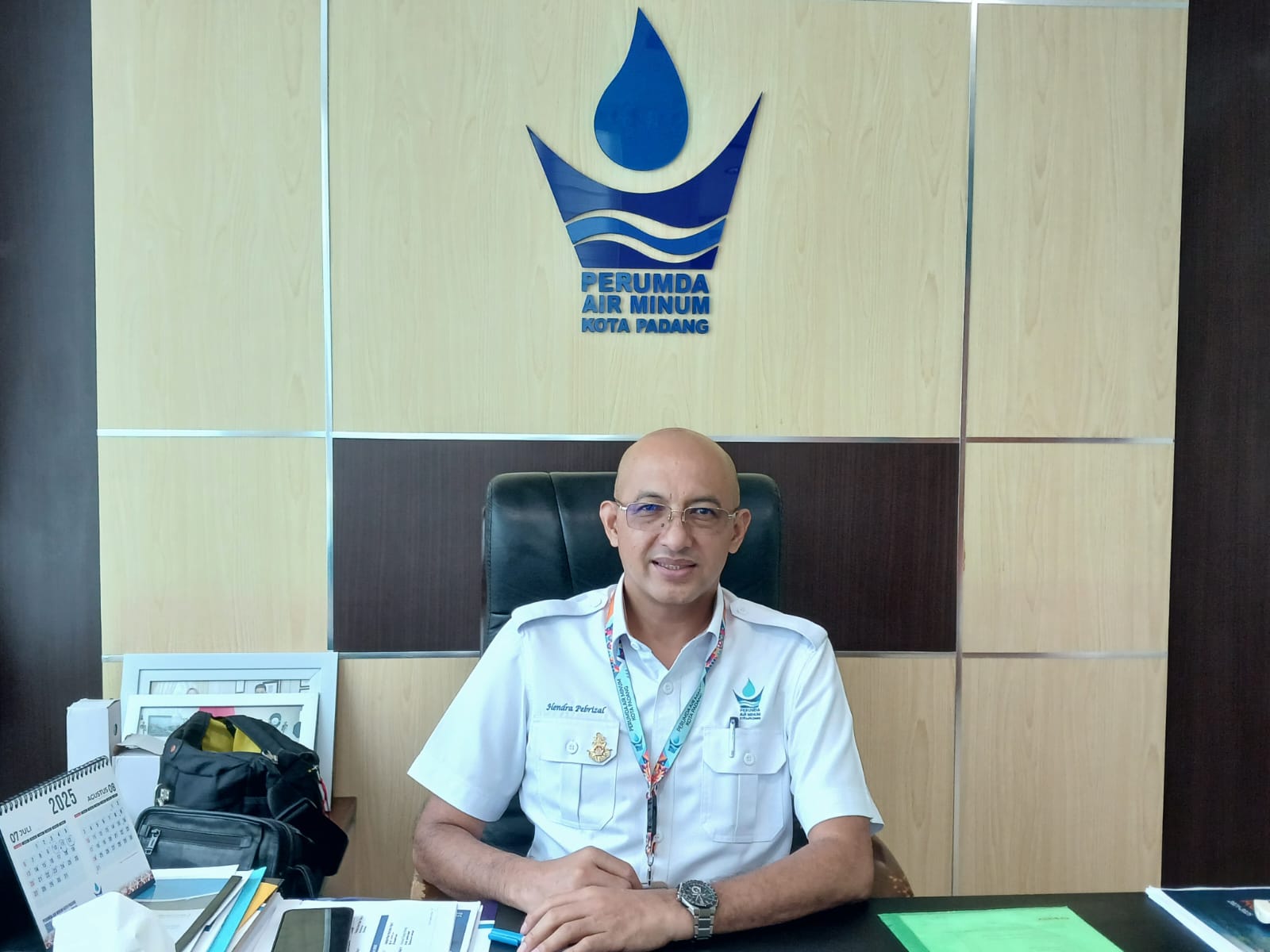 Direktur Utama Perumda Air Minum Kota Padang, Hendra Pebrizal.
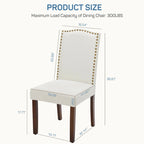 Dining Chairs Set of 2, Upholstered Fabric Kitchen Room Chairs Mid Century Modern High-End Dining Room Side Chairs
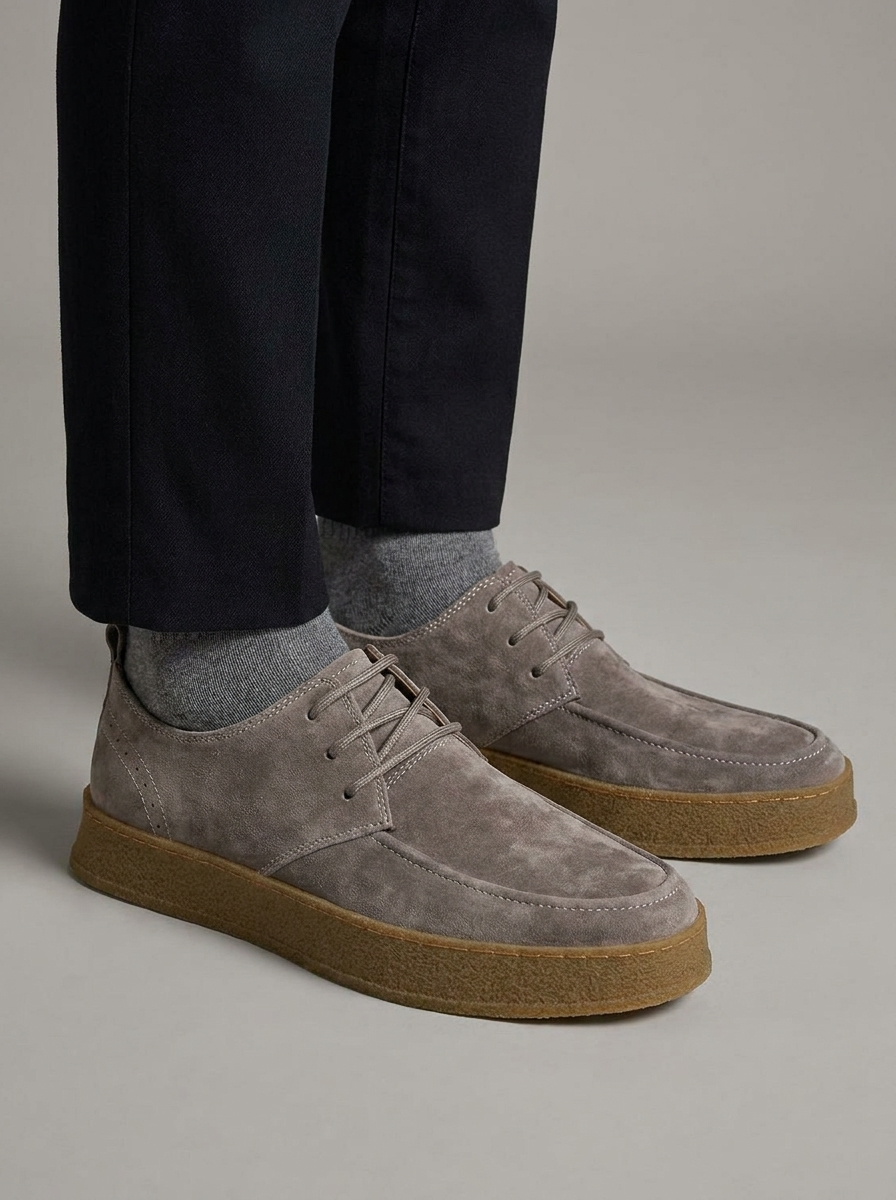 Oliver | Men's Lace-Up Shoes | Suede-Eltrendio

Problem to solve: Line by line, reproduce exactly the lines from the one containing "Dining Chairs Set" through the final line of the material, both included, leaving every picture out.

Response:
 Dining Chairs Set of 2, Upholstered Fabric Kitchen Room Chairs Mid Century Modern High-End Dining Room Side Chairs
 Oliver | Men's Lace-Up Shoes | Suede-Eltrendio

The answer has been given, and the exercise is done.